Baum said it was not an allegorical story and I don't see much in the way of Eastern religion in the movie: there was a Wicked Witch of the _East_  but it is the Witch of the _North_ who is portrayed as good. A story like this -- as with such things, whether C.S. Lewis' _Narnia_ or Tolkien's _Lord of the Rings_ or even _Mary Poppins_ -- needs a Christian critique and parents should guide their children in understanding what is Biblical and what is not. But I think such stories have a place in our reading and viewing as Christians.

Here is an article which looks at some different interpretations of the movie as well as general background: http://en.wikipedia.org/wiki/The_Wonderful_Wizard_of_Oz

[Edited on 22-1-2005 by VirginiaHuguenot]


----------



## Ivan (Jan 22, 2005)

> _Originally posted by VirginiaHuguenot_
> [Do you mean Frank L. Baum or Richard Thorpe/King Vidor?



It was Baum. As it so happened I had NPR on (no, I don't make it a habit of listening to NPR, just channel-switching). There was a lady on who wrote a book entitled _There's No Place Like Ohm_ or something like that. She was making those claims.

Weird.

[Edited on 1-22-2005 by Ivan]


----------



## Authorised (Jan 22, 2005)

We actually watched parts of this movie in US History to draw parallels to the Populist party, which was popular during this time. 

I don't think it has anything to do with religion. If anything, its political allegory.


----------



## cultureshock (Jan 22, 2005)

> _Originally posted by psaulm119_
> Neither of us wants to tell her that she should do as we say, but not as we do. Which leads me to one principle that I think makes sense--_we will not watch any DVDs that we would want to keep her from, as well._



I'm not sure if this is necessary. Personally, I think it could be beneficial to watch movies that I will not let my children see, even as a means of teaching them about maturity. The lesson would be that the world of reality and mature issues extends beyond what we parents, as their guardians and protectors, allow them to see. Otherwise, the whole family "dumbs down" its viewing choices around the youngest member of the family. The potential dangers could be that the child comes to believe that the family revolves around him/her or that he/she maintains a naive perspective of maturity. Since his/her parents, who are to be the model of maturity to their child, watch kids' movies, the child may perceive such movies to portray the full extent of mature issues. For example, I would not let a five year old child see the Lord of the Rings movies, but I would still watch it myself, and tell the child why. Sometimes movies depict horrific violence for a very moral purpose. I would not let children see such violent movies due to the violence, but I might watch them myself. In my own experience, as I have matured, I have been able to watch movies in a different light, which I would not be able to handle as a young teenager.

Brian


----------



## psaulm119 (Jan 22, 2005)

Re: not letting children see violent movies such as LOTR and The Passion

Honestly the only child we have is still only 4 months old, so perhaps I might see things differently when she is old enough to comprehend what is going on, on the screen. But I really don't see what is wrong with letting a child watch a battle between Orcs and dwarves and elves, or seeing Jesus whipped and crucified for our sins. I think a lot has to do with the overall context. I certainly wouldn't object to any parent who let their 7-year old watch the Lord of the Rings. By the same token, I wouldn't let a child of mine watch the horror "Freddie" or Texas Chainsaw Massacre movies, because that violence is in a different context--glorifying violence, rather than portraying it as an evil brought on by wicked men (which is my understanding of the context of the violence of LOTR and The Passion).

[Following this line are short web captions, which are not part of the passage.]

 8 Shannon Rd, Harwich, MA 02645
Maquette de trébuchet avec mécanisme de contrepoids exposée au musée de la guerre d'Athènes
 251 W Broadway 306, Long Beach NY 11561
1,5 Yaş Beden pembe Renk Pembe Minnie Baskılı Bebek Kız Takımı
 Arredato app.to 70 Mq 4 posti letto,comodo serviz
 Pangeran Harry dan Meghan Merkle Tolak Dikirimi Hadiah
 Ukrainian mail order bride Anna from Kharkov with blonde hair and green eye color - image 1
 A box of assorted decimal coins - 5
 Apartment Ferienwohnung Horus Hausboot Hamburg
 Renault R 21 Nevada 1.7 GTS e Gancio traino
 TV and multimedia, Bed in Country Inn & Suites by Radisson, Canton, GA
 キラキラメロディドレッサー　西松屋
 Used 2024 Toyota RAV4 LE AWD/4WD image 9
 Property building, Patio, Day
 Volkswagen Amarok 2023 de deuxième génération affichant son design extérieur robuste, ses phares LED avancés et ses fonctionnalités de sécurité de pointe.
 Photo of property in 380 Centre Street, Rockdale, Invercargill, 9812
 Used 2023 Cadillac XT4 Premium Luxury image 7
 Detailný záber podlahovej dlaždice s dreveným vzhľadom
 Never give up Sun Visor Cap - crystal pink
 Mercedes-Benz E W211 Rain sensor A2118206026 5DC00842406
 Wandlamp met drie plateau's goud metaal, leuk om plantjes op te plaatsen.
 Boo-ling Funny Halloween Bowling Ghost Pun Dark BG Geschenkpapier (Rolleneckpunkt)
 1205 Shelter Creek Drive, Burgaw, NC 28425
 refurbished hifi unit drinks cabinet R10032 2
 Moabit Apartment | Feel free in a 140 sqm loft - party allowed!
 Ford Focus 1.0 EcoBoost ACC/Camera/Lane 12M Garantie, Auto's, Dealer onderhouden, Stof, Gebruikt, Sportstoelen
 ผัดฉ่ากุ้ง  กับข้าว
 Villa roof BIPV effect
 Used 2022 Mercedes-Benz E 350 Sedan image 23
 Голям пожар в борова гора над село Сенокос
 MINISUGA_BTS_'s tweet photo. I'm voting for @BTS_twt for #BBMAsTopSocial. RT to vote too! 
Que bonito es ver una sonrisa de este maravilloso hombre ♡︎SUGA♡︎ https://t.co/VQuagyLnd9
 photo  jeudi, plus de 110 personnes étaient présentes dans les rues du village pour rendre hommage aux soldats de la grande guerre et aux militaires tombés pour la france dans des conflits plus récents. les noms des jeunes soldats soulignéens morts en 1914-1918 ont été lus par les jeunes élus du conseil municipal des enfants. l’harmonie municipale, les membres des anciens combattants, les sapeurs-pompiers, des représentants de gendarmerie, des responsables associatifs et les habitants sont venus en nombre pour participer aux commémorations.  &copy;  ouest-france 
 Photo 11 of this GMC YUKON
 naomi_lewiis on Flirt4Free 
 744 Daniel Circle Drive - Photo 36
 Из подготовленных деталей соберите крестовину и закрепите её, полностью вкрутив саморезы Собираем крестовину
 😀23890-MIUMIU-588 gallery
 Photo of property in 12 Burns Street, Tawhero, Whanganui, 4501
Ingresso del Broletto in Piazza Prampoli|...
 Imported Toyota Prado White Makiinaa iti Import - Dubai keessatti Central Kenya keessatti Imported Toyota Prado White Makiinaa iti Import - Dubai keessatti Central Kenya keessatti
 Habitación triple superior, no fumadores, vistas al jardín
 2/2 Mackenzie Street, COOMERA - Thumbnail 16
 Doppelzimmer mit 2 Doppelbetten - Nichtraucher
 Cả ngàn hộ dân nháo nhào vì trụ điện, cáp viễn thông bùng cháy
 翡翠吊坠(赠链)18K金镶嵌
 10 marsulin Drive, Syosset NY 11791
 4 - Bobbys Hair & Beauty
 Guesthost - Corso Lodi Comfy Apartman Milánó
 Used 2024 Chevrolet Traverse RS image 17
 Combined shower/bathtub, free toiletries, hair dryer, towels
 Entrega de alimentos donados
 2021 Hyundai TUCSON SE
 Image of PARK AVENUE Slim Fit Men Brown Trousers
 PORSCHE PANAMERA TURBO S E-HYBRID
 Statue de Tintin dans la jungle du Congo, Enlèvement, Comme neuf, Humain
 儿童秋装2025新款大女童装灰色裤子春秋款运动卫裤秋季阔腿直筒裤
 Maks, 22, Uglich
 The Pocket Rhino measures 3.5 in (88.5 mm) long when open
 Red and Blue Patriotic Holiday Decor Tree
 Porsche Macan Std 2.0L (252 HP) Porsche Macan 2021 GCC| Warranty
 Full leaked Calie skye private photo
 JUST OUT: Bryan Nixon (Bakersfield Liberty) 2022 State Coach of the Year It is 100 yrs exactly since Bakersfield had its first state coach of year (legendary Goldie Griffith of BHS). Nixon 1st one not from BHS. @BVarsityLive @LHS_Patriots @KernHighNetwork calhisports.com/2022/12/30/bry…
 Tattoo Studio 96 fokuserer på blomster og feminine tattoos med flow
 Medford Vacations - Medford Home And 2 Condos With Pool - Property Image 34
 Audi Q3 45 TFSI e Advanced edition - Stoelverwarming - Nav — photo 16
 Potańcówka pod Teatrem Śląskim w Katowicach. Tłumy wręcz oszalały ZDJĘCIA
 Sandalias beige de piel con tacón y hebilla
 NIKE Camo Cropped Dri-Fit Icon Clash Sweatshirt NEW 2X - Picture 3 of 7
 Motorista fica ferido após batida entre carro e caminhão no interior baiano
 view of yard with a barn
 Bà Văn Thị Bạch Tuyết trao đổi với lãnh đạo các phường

In light of this, I would surely not dumb down anything. I'm not talking about watching only cartoons or Sesame Street or whatever one might feel is appropriate for young kids. Perhaps my view of what is appropriate for kids is a bit wider than other posters on this thread. Like I said, this very well might change when I actually step up to the plate and observe my daughter's reaction to such movies.

[Edited on 22-1-2005 by psaulm119]


----------



## psaulm119 (Jan 22, 2005)

Re: the good old days of Hollywood

I gotta say, one of the reasons why I started watching old Hitchcock and Bogart classics is that I got tired of seeing body parts, hearing incredibly crude language, and fornication being promoted as the price for seeing a good thriller. I can handle the black and white--actually it kind of adds to teh suspense. 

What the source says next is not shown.